In this paper, they aim to answer both of these questions by designing a comprehensive evaluation setup for assessing neural architectures. They also introduce an algorithm for property prediction that outperforms existing strong baselines across a range of data sets. The model has two distinctive features: (1) It operates over a hybrid representation that combines convolutions and descriptors. This design gives it flexibility in learning a task specific encoding, while providing a strong prior with fixed descriptors. (2) It learns to construct molecular encodings by using convolutions centered on bonds instead of atoms, thereby avoiding unnecessary loops during the message passing phase of the algorithm.
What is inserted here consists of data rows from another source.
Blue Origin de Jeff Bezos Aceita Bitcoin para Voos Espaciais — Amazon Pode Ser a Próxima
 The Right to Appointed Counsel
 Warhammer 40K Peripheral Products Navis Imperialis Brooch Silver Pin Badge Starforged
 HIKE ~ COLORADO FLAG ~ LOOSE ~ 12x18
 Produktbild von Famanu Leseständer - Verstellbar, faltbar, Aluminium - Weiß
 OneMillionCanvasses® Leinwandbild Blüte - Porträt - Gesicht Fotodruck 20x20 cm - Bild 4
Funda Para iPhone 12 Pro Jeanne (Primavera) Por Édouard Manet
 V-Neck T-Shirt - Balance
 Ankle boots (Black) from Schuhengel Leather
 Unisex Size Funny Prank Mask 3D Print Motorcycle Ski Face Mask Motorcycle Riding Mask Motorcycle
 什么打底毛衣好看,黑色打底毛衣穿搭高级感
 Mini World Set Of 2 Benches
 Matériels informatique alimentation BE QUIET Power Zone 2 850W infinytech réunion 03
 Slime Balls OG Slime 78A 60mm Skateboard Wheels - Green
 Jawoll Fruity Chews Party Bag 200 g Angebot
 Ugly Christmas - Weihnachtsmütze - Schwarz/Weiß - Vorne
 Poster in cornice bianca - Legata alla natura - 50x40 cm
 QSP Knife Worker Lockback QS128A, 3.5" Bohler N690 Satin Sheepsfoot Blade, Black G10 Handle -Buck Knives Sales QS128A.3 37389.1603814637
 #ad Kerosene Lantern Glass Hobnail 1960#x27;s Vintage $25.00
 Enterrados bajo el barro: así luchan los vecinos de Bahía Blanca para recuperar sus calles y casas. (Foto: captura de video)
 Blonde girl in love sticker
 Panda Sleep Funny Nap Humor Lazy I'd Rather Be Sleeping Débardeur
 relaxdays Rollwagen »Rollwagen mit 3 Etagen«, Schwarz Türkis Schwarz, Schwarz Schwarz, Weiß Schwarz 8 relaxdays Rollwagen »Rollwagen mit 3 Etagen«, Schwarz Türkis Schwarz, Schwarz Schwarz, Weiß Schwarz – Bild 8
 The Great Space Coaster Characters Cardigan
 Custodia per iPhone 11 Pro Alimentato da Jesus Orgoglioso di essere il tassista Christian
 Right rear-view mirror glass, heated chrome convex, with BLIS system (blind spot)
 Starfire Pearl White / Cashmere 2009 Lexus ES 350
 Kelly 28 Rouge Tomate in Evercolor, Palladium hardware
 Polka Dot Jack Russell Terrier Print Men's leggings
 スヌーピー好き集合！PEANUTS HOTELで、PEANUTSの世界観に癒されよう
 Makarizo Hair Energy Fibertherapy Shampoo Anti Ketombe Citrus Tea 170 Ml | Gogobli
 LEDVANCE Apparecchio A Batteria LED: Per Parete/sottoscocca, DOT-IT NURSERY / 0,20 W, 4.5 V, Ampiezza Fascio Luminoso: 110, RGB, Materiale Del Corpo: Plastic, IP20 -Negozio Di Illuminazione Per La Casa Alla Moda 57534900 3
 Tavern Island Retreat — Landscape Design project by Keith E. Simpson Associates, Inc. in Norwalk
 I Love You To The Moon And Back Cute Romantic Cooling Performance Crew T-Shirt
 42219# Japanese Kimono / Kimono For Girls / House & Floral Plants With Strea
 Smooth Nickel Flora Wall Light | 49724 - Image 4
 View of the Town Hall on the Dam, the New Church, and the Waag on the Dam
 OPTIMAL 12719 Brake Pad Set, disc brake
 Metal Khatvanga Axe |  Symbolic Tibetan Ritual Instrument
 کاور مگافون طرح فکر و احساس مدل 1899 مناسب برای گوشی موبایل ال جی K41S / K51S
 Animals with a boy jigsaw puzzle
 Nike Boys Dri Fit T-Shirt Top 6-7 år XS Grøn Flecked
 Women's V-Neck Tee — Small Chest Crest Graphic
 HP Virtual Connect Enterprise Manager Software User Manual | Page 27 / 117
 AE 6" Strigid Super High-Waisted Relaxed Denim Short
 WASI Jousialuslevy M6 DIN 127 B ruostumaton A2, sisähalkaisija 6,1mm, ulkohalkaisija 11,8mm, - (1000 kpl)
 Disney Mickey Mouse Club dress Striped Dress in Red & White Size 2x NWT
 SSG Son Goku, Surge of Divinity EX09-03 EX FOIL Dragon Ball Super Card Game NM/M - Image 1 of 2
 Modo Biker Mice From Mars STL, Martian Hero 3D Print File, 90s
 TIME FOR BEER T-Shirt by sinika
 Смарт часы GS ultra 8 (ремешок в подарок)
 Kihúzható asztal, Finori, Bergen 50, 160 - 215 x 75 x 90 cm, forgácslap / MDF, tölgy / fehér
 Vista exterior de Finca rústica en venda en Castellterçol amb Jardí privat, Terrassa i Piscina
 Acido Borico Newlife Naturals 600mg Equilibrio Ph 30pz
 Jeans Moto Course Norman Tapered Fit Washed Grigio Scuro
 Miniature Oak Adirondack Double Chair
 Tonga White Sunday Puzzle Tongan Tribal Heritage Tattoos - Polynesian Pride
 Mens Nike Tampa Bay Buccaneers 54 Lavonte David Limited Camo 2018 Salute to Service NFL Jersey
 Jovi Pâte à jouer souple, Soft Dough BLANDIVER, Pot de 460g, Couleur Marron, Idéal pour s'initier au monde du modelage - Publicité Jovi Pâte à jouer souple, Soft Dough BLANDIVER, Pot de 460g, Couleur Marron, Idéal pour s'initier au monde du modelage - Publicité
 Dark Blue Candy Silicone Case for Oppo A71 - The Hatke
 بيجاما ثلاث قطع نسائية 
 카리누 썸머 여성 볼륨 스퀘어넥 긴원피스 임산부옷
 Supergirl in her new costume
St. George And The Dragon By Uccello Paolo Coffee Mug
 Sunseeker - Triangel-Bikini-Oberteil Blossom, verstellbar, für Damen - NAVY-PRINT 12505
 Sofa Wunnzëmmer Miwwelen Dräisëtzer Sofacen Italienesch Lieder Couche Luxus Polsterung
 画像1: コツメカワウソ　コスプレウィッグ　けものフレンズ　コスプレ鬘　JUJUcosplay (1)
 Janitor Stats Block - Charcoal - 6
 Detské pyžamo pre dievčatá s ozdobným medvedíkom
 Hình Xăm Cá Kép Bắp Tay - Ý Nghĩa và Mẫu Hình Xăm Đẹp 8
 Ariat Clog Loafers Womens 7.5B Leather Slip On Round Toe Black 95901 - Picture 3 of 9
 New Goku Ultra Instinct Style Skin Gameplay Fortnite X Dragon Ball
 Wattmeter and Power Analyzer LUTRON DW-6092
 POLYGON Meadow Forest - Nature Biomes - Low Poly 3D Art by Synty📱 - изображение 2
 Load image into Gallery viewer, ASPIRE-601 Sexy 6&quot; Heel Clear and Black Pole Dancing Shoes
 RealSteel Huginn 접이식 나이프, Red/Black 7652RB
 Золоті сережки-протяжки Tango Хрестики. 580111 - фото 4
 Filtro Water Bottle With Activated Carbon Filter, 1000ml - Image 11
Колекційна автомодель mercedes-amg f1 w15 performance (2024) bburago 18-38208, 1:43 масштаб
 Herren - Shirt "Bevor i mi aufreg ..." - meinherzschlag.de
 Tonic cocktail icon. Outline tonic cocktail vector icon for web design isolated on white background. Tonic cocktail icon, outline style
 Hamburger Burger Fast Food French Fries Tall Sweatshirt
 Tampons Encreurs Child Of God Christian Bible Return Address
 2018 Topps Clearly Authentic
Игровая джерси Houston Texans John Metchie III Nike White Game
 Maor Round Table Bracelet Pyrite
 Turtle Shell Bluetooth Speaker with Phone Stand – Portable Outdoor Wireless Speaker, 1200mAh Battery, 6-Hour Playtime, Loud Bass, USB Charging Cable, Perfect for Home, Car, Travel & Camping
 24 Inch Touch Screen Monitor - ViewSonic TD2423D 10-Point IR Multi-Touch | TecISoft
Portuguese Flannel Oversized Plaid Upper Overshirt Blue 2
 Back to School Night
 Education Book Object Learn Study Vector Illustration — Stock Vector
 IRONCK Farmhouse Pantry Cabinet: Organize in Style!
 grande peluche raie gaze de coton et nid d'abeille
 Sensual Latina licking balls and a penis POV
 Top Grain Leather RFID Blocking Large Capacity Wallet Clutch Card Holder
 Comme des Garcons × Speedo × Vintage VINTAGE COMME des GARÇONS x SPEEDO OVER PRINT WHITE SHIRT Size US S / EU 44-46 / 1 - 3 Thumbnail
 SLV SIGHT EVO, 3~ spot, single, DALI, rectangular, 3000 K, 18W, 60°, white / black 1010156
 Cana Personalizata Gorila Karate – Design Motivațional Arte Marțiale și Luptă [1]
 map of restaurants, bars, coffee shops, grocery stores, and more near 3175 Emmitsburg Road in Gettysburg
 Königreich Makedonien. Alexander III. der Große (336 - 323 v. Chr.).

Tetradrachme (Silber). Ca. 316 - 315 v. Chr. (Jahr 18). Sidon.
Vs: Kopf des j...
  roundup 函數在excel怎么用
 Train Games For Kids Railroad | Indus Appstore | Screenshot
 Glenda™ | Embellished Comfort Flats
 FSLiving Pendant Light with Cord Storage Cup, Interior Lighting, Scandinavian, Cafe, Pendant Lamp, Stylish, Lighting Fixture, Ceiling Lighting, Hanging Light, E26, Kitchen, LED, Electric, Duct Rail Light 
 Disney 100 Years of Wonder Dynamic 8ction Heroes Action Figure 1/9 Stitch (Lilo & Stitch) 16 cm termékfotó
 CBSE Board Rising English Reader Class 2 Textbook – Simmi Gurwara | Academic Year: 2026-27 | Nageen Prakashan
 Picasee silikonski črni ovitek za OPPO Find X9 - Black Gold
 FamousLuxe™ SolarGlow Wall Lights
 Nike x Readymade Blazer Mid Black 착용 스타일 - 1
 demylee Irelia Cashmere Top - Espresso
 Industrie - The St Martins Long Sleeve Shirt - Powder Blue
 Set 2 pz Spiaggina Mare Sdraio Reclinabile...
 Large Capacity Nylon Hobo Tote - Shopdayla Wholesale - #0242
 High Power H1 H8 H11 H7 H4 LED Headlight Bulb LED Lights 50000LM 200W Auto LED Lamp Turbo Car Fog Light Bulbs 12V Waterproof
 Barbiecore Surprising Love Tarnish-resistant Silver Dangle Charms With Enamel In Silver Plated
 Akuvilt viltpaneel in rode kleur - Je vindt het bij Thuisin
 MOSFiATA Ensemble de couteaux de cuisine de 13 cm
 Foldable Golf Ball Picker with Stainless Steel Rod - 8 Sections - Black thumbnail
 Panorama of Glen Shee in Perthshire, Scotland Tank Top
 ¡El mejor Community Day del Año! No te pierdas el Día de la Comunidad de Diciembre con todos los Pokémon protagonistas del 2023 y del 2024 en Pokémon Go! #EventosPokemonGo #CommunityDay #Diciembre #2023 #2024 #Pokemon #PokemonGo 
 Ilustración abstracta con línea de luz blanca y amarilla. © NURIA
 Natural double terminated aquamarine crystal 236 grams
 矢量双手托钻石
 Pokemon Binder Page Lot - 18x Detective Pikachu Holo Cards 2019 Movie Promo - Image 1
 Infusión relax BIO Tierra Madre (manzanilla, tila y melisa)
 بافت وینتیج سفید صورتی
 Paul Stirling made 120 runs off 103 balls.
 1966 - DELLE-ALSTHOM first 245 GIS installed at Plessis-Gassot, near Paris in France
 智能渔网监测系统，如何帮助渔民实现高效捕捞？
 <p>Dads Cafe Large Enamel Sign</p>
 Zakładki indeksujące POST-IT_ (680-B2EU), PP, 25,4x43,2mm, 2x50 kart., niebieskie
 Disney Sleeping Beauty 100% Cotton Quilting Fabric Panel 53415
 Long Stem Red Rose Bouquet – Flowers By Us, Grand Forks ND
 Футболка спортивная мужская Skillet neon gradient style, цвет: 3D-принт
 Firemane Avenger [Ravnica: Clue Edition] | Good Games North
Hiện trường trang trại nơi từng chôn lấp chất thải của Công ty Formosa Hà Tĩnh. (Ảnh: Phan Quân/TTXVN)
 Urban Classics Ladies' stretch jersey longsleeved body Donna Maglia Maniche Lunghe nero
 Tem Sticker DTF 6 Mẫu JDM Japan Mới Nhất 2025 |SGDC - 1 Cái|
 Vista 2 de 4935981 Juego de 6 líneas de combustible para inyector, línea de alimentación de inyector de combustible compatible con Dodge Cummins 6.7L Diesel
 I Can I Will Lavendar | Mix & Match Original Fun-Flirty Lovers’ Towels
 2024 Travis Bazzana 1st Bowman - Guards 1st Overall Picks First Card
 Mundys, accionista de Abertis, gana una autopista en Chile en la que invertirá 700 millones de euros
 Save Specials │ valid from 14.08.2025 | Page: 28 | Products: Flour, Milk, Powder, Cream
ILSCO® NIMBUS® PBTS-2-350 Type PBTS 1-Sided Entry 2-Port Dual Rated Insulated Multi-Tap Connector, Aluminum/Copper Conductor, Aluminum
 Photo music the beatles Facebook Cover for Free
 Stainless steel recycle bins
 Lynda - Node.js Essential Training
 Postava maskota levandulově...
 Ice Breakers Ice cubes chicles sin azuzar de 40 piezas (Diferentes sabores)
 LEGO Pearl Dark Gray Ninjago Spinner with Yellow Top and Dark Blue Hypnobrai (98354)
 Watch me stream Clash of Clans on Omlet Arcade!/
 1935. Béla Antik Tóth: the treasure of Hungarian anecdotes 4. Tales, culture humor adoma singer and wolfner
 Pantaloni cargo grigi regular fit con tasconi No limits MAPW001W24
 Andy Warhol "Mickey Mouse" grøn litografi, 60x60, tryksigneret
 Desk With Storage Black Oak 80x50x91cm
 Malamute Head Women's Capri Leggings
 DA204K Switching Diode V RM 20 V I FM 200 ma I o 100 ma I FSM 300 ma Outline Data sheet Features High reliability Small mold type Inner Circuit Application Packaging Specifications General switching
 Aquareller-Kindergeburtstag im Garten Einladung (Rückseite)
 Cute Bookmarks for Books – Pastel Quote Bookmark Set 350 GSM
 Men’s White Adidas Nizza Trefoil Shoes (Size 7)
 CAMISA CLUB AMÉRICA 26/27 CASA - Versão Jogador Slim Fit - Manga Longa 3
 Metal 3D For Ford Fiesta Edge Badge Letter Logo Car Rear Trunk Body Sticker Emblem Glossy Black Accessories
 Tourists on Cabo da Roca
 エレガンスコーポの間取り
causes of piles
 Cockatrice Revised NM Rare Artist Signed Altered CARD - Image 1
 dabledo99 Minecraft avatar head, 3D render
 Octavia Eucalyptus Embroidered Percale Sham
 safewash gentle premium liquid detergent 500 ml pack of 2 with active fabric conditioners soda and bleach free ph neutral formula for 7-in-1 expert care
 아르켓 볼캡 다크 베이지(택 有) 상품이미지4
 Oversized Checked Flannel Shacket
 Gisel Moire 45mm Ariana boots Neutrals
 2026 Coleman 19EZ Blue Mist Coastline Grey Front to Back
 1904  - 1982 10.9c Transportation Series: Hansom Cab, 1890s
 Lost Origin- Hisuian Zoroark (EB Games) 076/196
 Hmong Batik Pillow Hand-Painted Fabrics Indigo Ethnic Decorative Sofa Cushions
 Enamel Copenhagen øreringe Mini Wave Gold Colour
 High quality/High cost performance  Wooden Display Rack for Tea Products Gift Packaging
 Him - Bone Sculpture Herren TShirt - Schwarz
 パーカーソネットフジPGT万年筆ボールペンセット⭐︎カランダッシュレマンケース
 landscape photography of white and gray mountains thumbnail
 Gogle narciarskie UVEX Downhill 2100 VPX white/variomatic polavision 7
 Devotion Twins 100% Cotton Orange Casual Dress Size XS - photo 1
Comparison of our D-MPNN with features to the best models

They extensively evaluate their model and other recently published neural architectures with over 850 experiments on 19 publicly available benchmarks from Wu et al. and Mayr et al. and on 16 proprietary data sets from Amgen, Novartis, and BASF (Badische Anilin und Soda Fabrik). Their goal is to assess whether the models’ performance on the public data sets and their relative ranking are representative of their ranking on the proprietary data sets. They demonstrate that under a scaffold split of training and testing data, the relative ranking of the models is consistent across the two classes of data sets. They also show that a scaffold-based split of the training and testing data is a good approximation of the temporal split commonly used in industry in terms of the relevant metrics. By contrast, a purely random split is a poor approximation to a temporal split, confirming the findings of Sheridan. To put the performance of current models in perspective, they report bounds on experimental error and show that there is still room for improving deep learning models to match the accuracy and reproducibility of screening results.

Comparison of our D-MPNN against baseline models on BASF internal regression data sets on a scaffold data split (higher = better). Our D-MPNN outperforms all baselines.

Building on the diversity of their benchmark data sets, they explore the impact of molecular representation with respect to the data set characteristics. They find that a hybrid representation yields higher performance and generalizes better than either convolution-based or fingerprint-based models. They also note that on small data sets (up to 1000 training molecules) fingerprint models can outperform learned representations, which are negatively impacted by data sparsity. Beyond molecular representation issues, they observe that hyperparameter selection plays a crucial role in model performance, consistent with prior work. They show that Bayesian optimization yields a robust, automatic solution to this issue. The addition of ensembling further improves accuracy, again consistent with the literature.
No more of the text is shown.